## Instructions

It is assumed that the mean systolic blood pressure is μ = 120 mm Hg. In the Honolulu Heart Study, a sample of n = 100 people had an average systolic blood pressure of 130.1 mm Hg with a standard deviation of 21.21 mm Hg. Is the group significantly different (with respect to systolic blood pressure!) from the regular population?

Set up the hypothesis test.
Write down all the steps followed for setting up the test.
Calculate the test statistic by hand and also code it in Python. It should be 4.76190. What decision can you make based on this calculated value?


In [34]:
import numpy as np
import pandas as pd
import scipy.stats as stats
import matplotlib.pyplot as plt
import seaborn as sns

%matplotlib inline

## Problem statement:

Assumed The mean systolic blood pressure is μ = 120 mm Hg.
However the Honolulu Heart Study, with a sample of n = 100 people 
had an average systolic blood pressure of 130.1 mm Hg 
with a standard deviation of 21.21 mm Hg.

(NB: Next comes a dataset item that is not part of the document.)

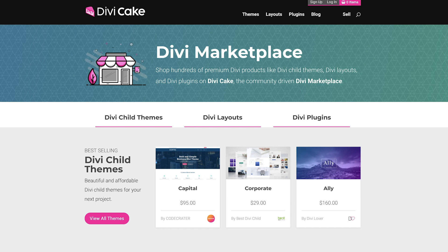Today's episode is made possible by DiviCake.com. Check out their huge selection of Divi themes, layouts and plugins. The link to that is in the description below.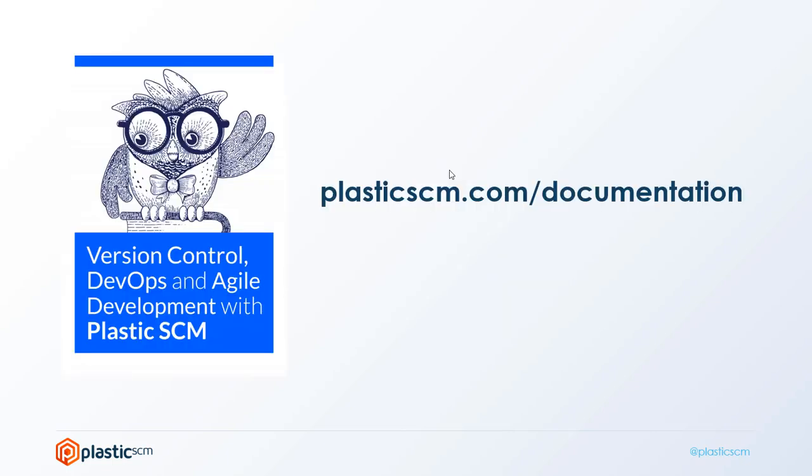If you want to learn more about Plastic SCM, I strongly recommend you read our book. It's completely free—you can download it in PDF format or read it online. You'll learn a lot about version control, DevOps, and Plastic SCM, of course.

Is the group significantly different with respect to the assumed systolic blood pressure :(

- H0: mu = 120 mm Hg
- Ha: mu!= 120 mm Hg

In [3]:
a_mean_blood_p= 120
s_size= 100
#population_stand_dev= not known
sample_mean_blood_p= 130.1
sample_stand_dev= 21.21
sem = sample_stand_dev/np.sqrt(s_size)
sem

2.121

In [4]:
z = (sample_mean_blood_p-a_mean_blood_p)/sem
print("The z score of our sample is: {:.2f}".format(z)) #Almost 5 st dev away from the mean

The z score of our sample is: 4.76


In [5]:
zc = stats.t.ppf(1-(0.05/2), df = 99)
print("The critical value corresponding to a 0.95 area of a t distribution is: {:.2f}".format(zc))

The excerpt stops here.